Tokyo - The teachings of the doomsday cult leader behind the 1995 Tokyo subway sarin gas attacks still have 'absolute influence' over followers even though he is on death row, security agencies said Tuesday.

DVDs with speeches by Shoko Asahara are still being used to instruct more than 1,500 followers of the Aum Shinrikyo cult which changed its name in 2000 to Aleph, said the National Police and Public Security Intelligence agencies.

The two agencies said in an annual joint report Asahara, 54, whose real name is Chizuo Matsumoto, 'still has absolute influence' over his followers, estimated at some 1,500 devotees using 30 facilities in Japan.

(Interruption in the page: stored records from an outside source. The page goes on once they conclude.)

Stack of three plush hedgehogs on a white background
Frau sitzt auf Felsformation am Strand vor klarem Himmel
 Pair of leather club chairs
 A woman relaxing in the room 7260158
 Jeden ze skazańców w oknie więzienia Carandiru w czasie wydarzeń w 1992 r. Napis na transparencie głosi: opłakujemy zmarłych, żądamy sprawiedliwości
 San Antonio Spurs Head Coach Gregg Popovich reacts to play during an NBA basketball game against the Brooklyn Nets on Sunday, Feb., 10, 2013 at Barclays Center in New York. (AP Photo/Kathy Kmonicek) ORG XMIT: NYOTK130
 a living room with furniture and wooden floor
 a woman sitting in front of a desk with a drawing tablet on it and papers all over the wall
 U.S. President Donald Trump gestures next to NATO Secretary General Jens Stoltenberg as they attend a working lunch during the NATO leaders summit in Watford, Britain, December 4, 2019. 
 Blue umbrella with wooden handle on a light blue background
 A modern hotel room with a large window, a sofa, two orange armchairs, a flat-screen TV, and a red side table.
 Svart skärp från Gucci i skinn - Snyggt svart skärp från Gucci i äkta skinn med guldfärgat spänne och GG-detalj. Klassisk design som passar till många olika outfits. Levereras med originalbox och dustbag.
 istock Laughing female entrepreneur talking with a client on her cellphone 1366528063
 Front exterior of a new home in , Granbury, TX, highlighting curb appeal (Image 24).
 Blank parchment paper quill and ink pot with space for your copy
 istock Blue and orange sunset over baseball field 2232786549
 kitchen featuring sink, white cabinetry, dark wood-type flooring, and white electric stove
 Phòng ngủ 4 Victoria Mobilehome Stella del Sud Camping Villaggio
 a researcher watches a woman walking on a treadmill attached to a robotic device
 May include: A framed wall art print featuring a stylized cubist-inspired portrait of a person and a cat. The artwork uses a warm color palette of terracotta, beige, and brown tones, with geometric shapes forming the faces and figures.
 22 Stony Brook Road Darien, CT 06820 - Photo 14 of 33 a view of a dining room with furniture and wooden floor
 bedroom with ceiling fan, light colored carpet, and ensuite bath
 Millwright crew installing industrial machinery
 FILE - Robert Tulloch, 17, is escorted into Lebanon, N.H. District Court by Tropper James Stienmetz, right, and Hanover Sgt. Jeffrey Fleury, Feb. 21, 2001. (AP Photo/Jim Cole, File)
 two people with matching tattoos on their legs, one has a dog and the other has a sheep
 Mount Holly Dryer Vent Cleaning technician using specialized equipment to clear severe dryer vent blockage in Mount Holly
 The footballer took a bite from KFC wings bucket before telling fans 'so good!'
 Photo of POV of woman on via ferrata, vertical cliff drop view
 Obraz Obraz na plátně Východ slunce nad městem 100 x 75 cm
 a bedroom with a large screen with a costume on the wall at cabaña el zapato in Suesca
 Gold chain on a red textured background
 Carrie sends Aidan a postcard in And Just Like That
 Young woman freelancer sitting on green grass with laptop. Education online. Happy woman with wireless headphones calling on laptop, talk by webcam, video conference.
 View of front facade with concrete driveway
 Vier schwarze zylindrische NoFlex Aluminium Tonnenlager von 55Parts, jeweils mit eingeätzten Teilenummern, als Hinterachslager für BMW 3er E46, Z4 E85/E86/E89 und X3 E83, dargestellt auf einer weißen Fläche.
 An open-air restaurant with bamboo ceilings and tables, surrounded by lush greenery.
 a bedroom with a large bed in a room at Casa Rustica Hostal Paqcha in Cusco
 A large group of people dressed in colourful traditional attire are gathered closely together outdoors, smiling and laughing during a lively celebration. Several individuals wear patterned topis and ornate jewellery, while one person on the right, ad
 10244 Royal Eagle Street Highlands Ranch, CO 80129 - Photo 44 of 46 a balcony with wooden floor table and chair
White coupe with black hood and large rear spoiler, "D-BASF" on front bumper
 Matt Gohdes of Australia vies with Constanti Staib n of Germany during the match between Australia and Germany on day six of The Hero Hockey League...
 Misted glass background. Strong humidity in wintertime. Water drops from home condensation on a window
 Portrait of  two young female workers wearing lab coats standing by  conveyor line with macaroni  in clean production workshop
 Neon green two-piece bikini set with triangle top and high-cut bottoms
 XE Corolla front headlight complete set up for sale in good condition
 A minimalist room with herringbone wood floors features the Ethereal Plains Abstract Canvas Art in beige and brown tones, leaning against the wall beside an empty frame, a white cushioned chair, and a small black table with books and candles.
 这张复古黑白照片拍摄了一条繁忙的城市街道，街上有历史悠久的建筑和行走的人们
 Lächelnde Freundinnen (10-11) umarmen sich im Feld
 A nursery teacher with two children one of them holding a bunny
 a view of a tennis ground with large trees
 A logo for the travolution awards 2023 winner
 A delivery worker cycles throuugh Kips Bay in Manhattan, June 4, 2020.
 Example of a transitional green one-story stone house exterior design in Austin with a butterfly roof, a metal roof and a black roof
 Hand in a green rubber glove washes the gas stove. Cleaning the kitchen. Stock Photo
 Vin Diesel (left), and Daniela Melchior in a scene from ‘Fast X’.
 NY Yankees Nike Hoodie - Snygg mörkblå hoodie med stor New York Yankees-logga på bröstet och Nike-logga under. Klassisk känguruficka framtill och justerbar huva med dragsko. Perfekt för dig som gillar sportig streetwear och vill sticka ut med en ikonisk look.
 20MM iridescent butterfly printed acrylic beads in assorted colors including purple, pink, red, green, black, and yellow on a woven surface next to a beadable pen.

Membership has fallen from a peak of 11,400 before 1995 but the cult also has some 200 followers and several facilities in Russia, the report said.

"Senior members still use DVD recordings of Matsumoto's preachings, instructing members to believe in Matsumoto and his dogma," the report said.

Matsumoto preached a blend of Buddhist and Hindu dogma mixed with apocalyptic visions, while he was obsessed with Nazi-invented sarin gas and paranoid that his enemies would attack him with it.

The former acupuncturist was convicted of ordering the release of sarin on rush-hour trains on March 20, 1995, killing 12 people and injuring thousands.

He was sentenced to death in February 2004 for the subway attack and other crimes that claimed a total of 27 lives.

Surveillance of the cult started in February 2000 and was extended last January for the fourth three-year period to last until January 2012.

Despite the police attention, the Aum cult remains legal in Japan, where the constitution guarantees freedom of religion. Memories linger of the suppression of other religions during World War II when Shinto was the state faith.